Rustc has to serialize and deserialize various data during compilation. Specifically: "Crate metadata", mainly query outputs, are serialized in a binary format into rlib and rmeta files that are output when compiling a library crate, these are then deserialized by crates that depend on that library.

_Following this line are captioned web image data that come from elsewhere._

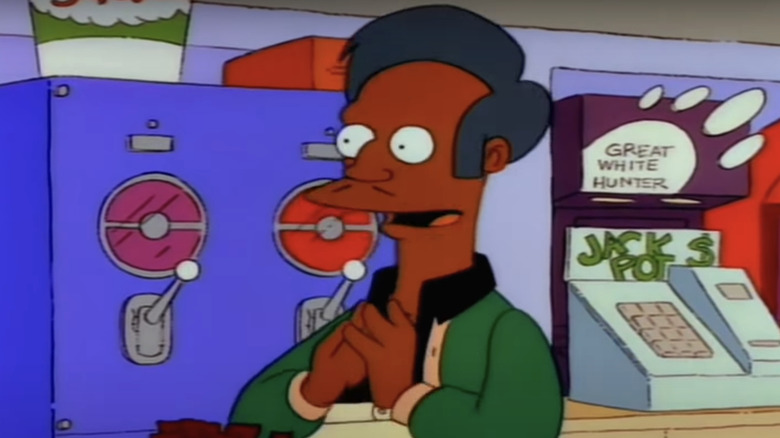 apu smiling in kwik-e-mart simpsons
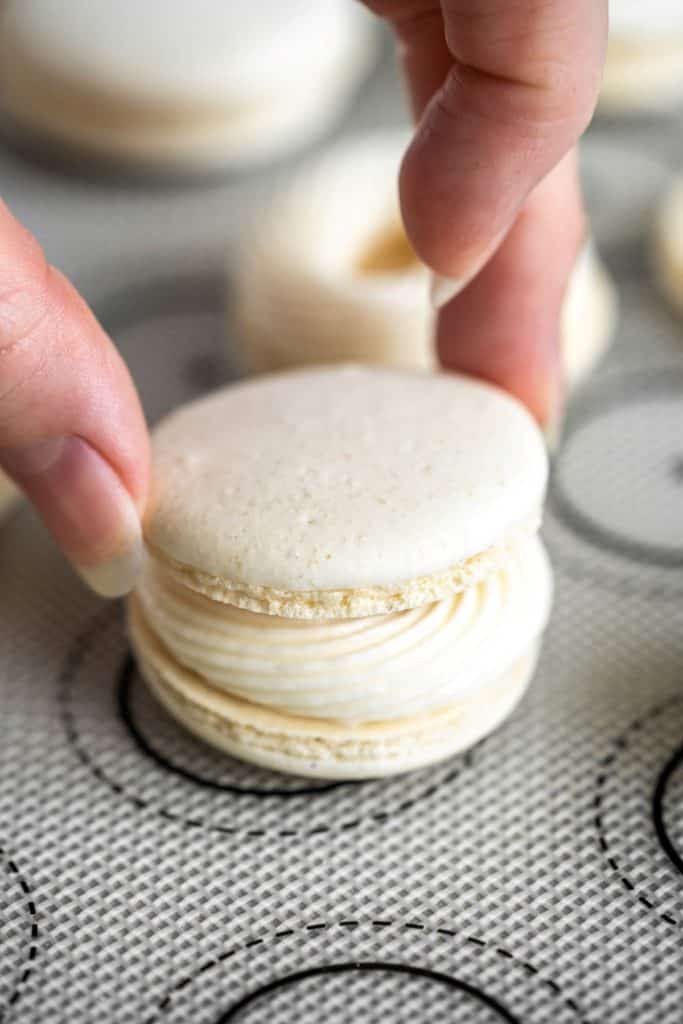 Placing the second macaron on top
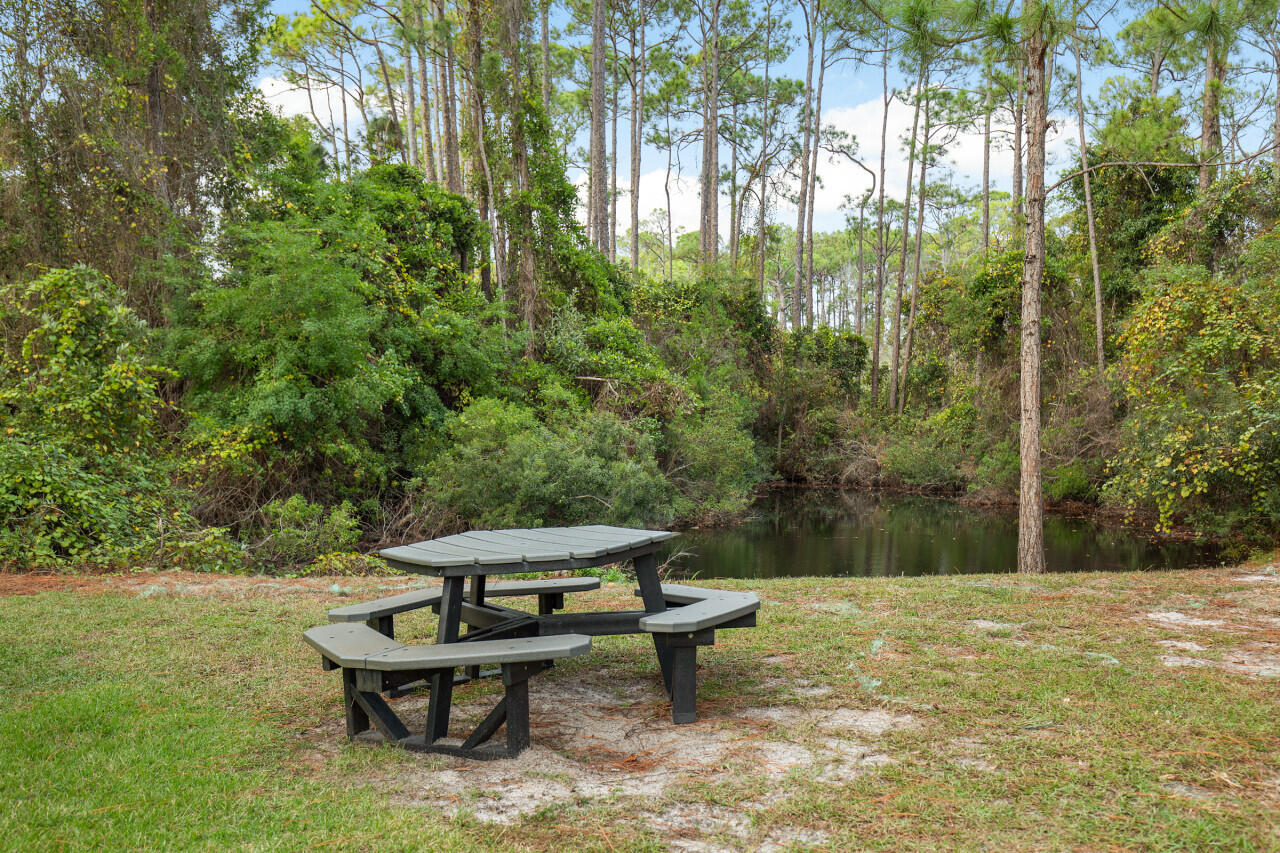 200 Sandestin Lane, Unit 616 Miramar Beach, FL 32550 - Photo 28 of 30 a view of a lake with a bench and trees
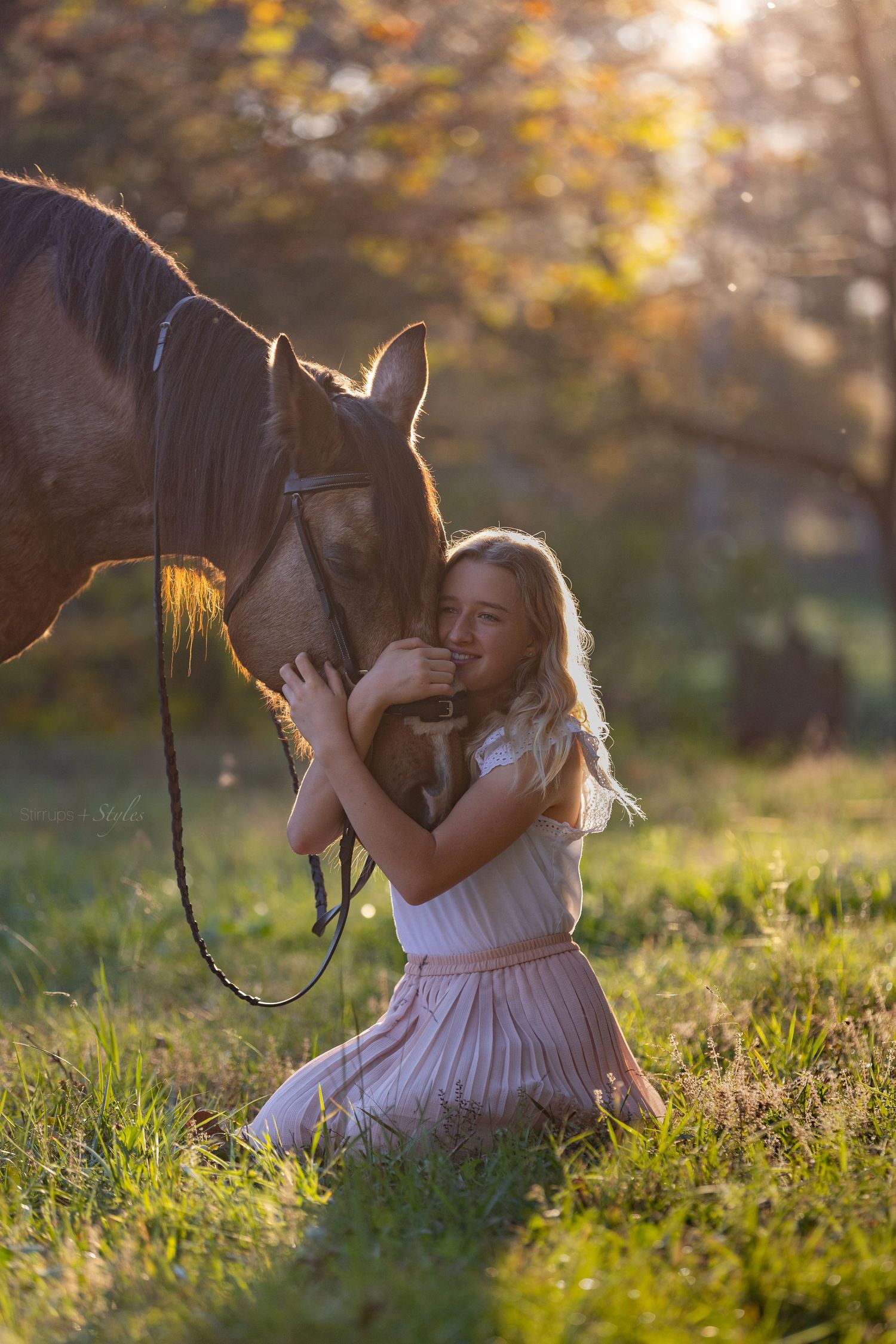 White dress-clad figure sits in sunlit meadow with horse illuminated by golden hour backlight in nature setting.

One way is to deserialize the map yourself:
use std::fmt;
use serde::de::{Deserialize, Deserializer, MapAccess, Visitor};
use serde_derive::Deserialize;
struct ItemMapVisitor {}
impl ItemMapVisitor {
fn new() -> Self {
Self {}
}
}
#[derive(Debug, Deserialize)]
struct SomeField {
some_field: u32,
}
#[derive(Debug)]
struct Item {
name: String,
some_field: u32,
}
#[derive(Debug)]
struct VecItem(Vec<Item>);
impl Item {
fn new(name: String, some_field: u32) -> Self {
Self { name, some_field }
}
}
impl<'de> Visitor<'de> for ItemMapVisitor {
type Value = VecItem;
fn expecting(&self, formatter: &mut fmt::Formatter) -> fmt::Result {
formatter.write_str("name: somefield:")
}
fn visit_map<M>(self, mut access: M) -> Result<Self::Value, M::Error>
where
M: MapAccess<'de>,
{
let mut items = Vec::with_capacity(access.size_hint().unwrap_or(0));
while let Some((key, value)) = access.next_entry::<String, SomeField>()? {
items.push(Item::new(key, value.some_field));
}
Ok(VecItem(items))
}
}
impl<'de> Deserialize<'de> for VecItem {
fn deserialize<D>(deserializer: D) -> Result<Self, D::Error>
where
D: Deserializer<'de>,
{
deserializer.deserialize_map(ItemMapVisitor::new())
}
}
fn main() {
let contents = r#"
name_a:
some_field: 0
name_b:
some_field: 1
name_c:
some_field: 2
"#;
let items: VecItem = serde_yaml::from_str(&contents).unwrap();
println!("{:#?}", items);
}
Output:
VecItem(
[
Item {
name: "name_a",
some_field: 0
},
Item {
name: "name_b",
some_field: 1
},
Item {
name: "name_c",
some_field: 2
}
]
)
If you don't want of Somefield
structure. You could also use this:
#[derive(Debug, Deserialize)]
struct Item {
#[serde(skip)]
name: String,
some_field: u32,
}
while let Some((key, value)) = access.next_entry::<String, Item>()? {
items.push(Item::new(key, value.some_field));
}
But this could add some useless copy.